Europe and the United States will lock horns at the Ryder Cup next year but the tournament could be a pale shadow of its former self after multiple defections to the rebel LIV series.
The event in Italy starting on September 29, 2023, will be billed as Europe's chance to exact revenge for a humbling defeat last year at Whistling Straits but who will be in the field is anybody's guess.
Henrik Stenson was this week stripped of his role as Europe's team captain while fellow European stars Lee Westwood, Ian Poulter, Sergio Garcia and Graeme McDowell all risk being omitted from future Ryder Cups.
As things stand Americans Phil Mickelson, Dustin Johnson, Bryson DeChambeau, Patrick Reed and Brooks Koepka will not be in the frame for selection for the US team at the event at the Marco Simone Golf and Country Club in Rome.
The US PGA Tour swiftly suspended its defectors last month, effectively ruling them out of competing in the biennial team competition because they will not be able to earn the points to qualify.
The DP World Tour, formerly the European Tour, imposed heavy fines on its members who played in the inaugural LIV event in London and banned them from three events.
But the punishments have not stemmed the tide of players signing up to the Saudi-funded LIV series and it is difficult to predict how things will unfold as golf's civil war deepens.

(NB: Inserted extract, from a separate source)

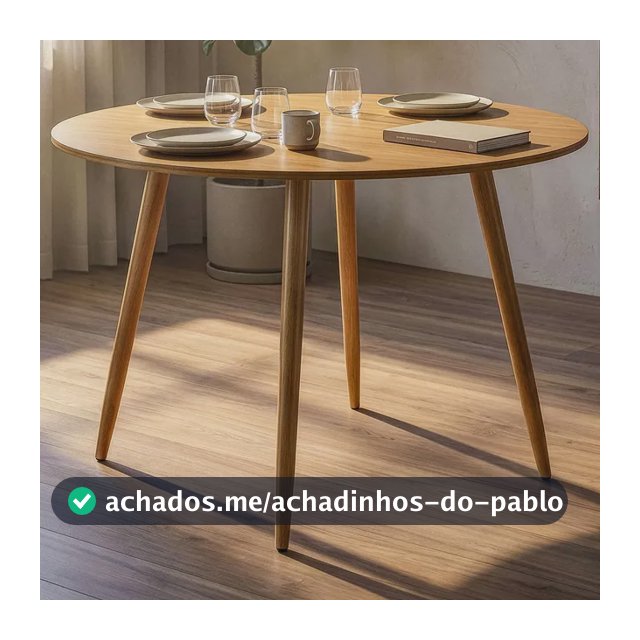 Mesa Redonda 90cm Mdf Sala De Jantar E Cozinha Branco Louro Freijó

Wednesday's announcement that Stenson was jumping ship, and would play in the third event of the LIV series in Bedminster, New Jersey, next week was a bitter blow for golf's establishment.
The 46-year-old Swede, appointed captain in March, said he accepted the decision even though he disagreed with it.
"I sincerely hope a resolution between the tours and its members can be reached soon and that the Ryder Cup can act as a mechanism for repair amongst various golfing bodies and their members," he said.
Westwood and Garcia have said they see no reason why competing in LIV tournaments should rule them out of future trans-Atlantic matches and with 14 months to go there is time for a compromise to be reached.
But US Ryder Cup captain Zach Johnson has given a clear steer that players must qualify for the team through the PGA Tour.
- Ryder Cup prestige -
The Ryder Cup is golf's pre-eminent team event in an overwhelmingly individual sport, bringing together 12-member teams from the United States and Europe every two years for the three-day event.
Colin Montgomerie, speaking before Stenson was stripped of his role, told Sky Sports that being captain of the Ryder Cup team was the "greatest honour that can be bestowed on any European Tour player".
Padraig Harrington, whom Stenson replaced as skipper, said he wished his former European team-mate had waited until after the 2023 tournament to move to LIV.
Despite his disappointment, Harrington sounded upbeat, telling Sky: "He has given us plenty of time. Fifteen months is loads of time for us to get somebody in place, to get a feel for what they're doing and it won't interfere at all."
But former European captain Tony Jacklin, who twice led the team to victory, has warned that the Ryder Cup could be badly damaged.
"The way things stand right now, next year's Ryder Cup is just going to be a nonsense," the two-time major winner wrote in the Telegraph.
"The whole sorry saga is a real mess and the only way it's going to be settled is through the courts," he added.
Former world number one Jon Rahm expressed his anger over the situation at last week's British Open after his fellow Spaniard Garcia confirmed his intentions to quit the DP World Tour, a move that would end his chances of playing in the Ryder Cup.
"The Ryder Cup is the reason why my family and I began to play this sport and the reason why many others play golf," said Rahm. "For what is happening to mean that the best player Europe has had (Garcia) can't play is something I find hard to understand and process.
"The event which gives golf most publicity all over the world is the Ryder Cup and that for this nonsense players like him can't play it, that angers me even more."